The game in Silicon Valley…is not ferocious intelligence or a contrarian investment thesis: everyone has that. It’s not even wealth: anyone can become a billionaire just by rooming with Mark Zuckerberg. It’s prescience. And then it’s removing every obstacle to the ferocious clarity of your vision: incumbents, regulations, folkways, and people.
What happens when a former cybersecurity advisor to President Obama teams up with the former Chief Security Officer at eBay? An upstart cybersecurity service, dubbed TruStar, piquing quiet interest among some Fortune 500 companies. The startup collects security threat information from clients, makes it anonymous, and shares intelligence to bolster cyber defenses. Paul Kurtz of TruStar says:
The bad guys have used anonymity for years, sharing data on exploits and treasures from exploits behind the scenes, while the good guys operate in their own separate silos. I think that is ready to change.
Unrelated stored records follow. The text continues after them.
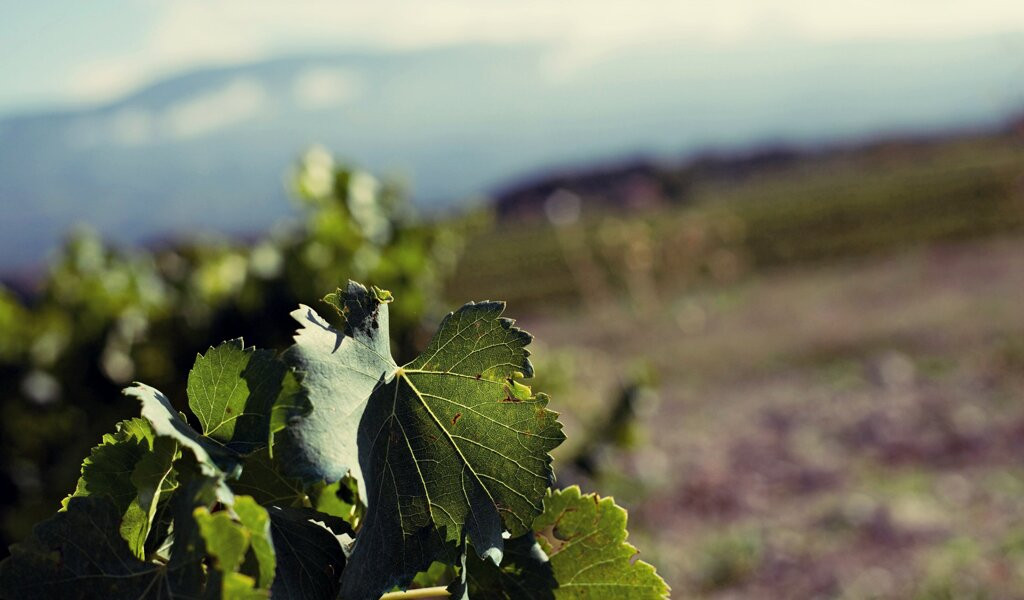 Domaine Les Patys-Bedoin必去景点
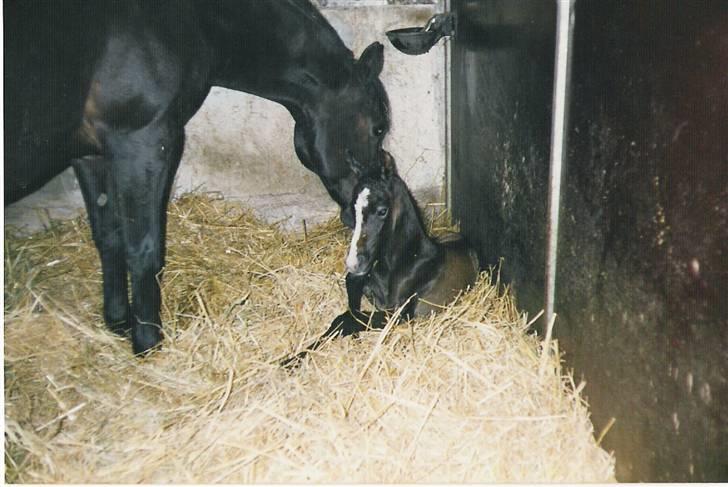 Anden særlig race Samaké Mén El Sama *død* billede 3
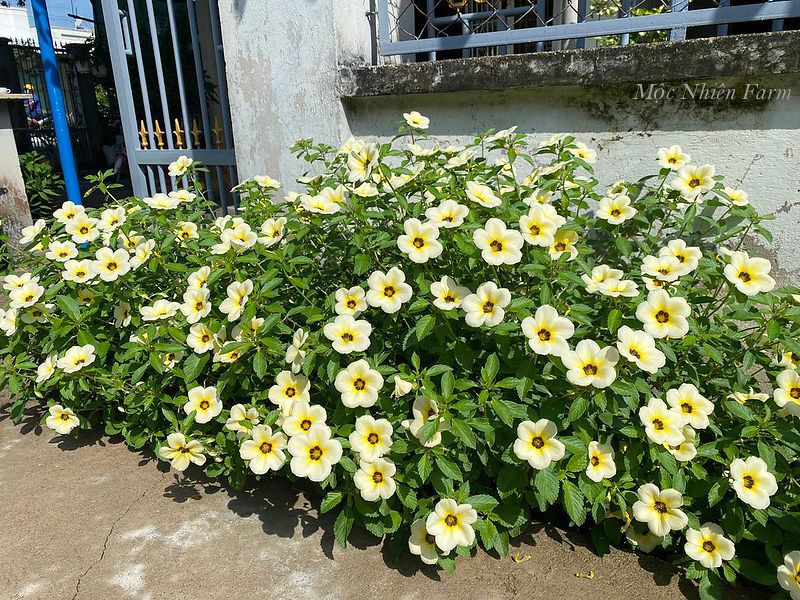 Cây đông hầu trắng A1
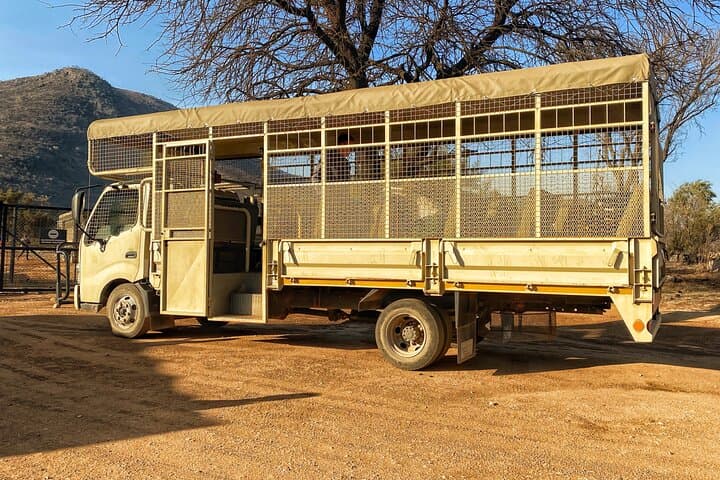 Private Lion & Safari Park Tour from Johannesburg — 5-Hour Guided Wildlife Experience photo 5
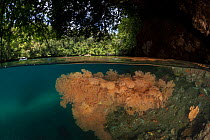 Gorgonian fan corals (Gorgonacea) split level with mangroves, Raja Ampat, West Papua, Indonesia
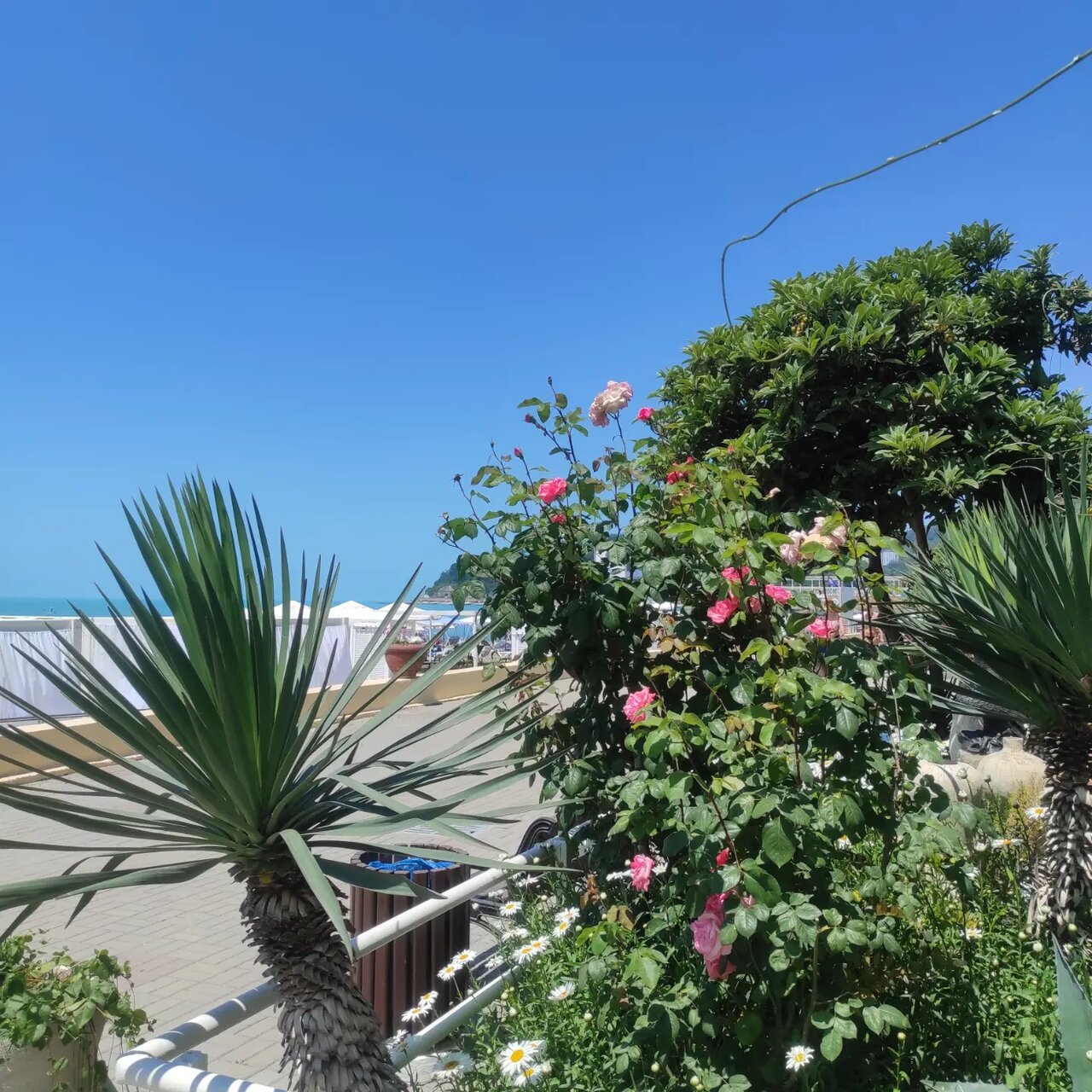 Гостиница Аквамарин Хоста-27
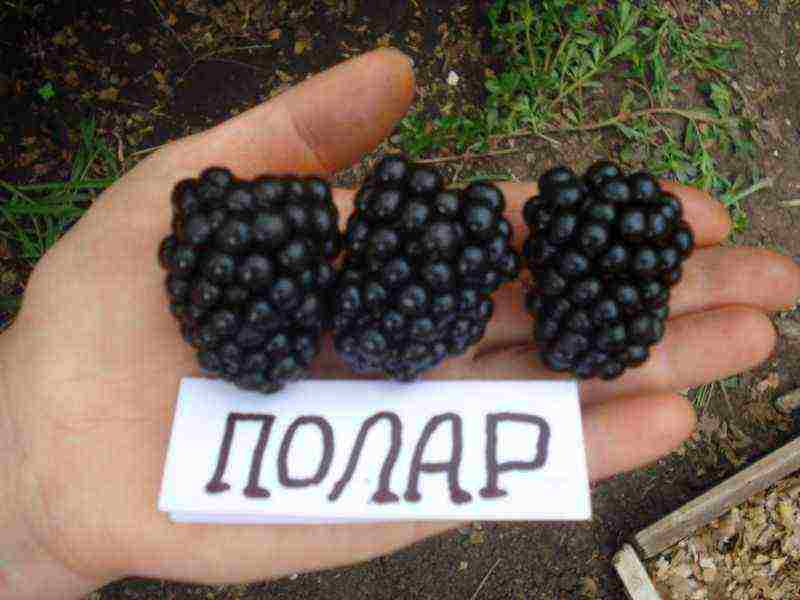 the best variety of blackberries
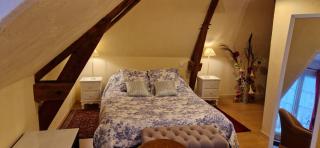 Gîte d'Isabelle, dépendance du château de la Mézière - Lunay - 8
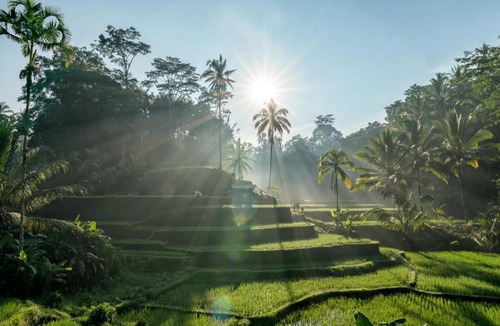 Lodtunduh Villa | Villa Ubud Bali Indonesia a modern retreat with pool, ideal for families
This is getting harder, say one-third of respondents to a global, cross-generational survey of work-life challenges. Although boomers and Gen X have long struggled to balance work and life, the issue has renewed interest, specifically as more Millennials assume the dual roles of managers and parents. The new study from EY includes several good data points, such as the top reasons why people quit. An excerpt:
Demonstrating the trend that managing work-life has become more difficult for parents, globally there is not a significant difference between managers with children who work more than 40 hours a week (44%) versus managers without children (50%). Managers who are parents (41%) say they have seen more of an increase in hours in the last five years than managers who are not parents (37%).
A Spencer Stuart white paper published recently in Director Magazine argues that cultural alignment should be on the board agenda and evaluated as part of executive performance. The research offers directors a blueprint to understand and challenge organizational culture. For example:
Effective leaders can describe both the culture as it currently exists and the culture to which the organization aspires, an ability sometimes called “cultural fluency.” Boards can assess management’s cultural fluency with questions such as: What is the difference between our current and ideal culture? Where do our most influential people, those who “get” our ideal culture, reside within the organization?
Sampling problems make it notoriously difficult for companies to measure relative performance accurately, but a free online tool unveiled by Deloitte simplifies the process to some surprising results . For example, architects of the new method say:
For the full population of U.S.-based, publicly traded companies, the average absolute difference in percentile rank between our method and the more common approaches is between 18 and 25 percentile ranks for both profitability and revenue growth. That means it would be typical for a company that considered itself to be in the top quarter of its peer group to be, based on our statistical approach, no better than average. Or for a company’s simplistic benchmarking approach to mask, in part, its excellent performance.
Netflix CEO Reed Hastings made a bold prediction this month – Internet TV will eventually outpace “linear TV.” His time frame, however, may underestimate the rate of change, says reporter Mathew Ingram, who expects greater industry disruption from the creation, not delivery, of TV content. He adds in Fortune:
In many ways, this transformation is more like what has happened to print content—meaning newspapers and magazines—than it is like the music business, if only because a song as the atomic unit of audio entertainment hasn’t changed that much. But for text and video, the disruption is all about breaking down traditional formats and packages like “newspapers” and “TV shows” and either atomizing or re-making them in a different way.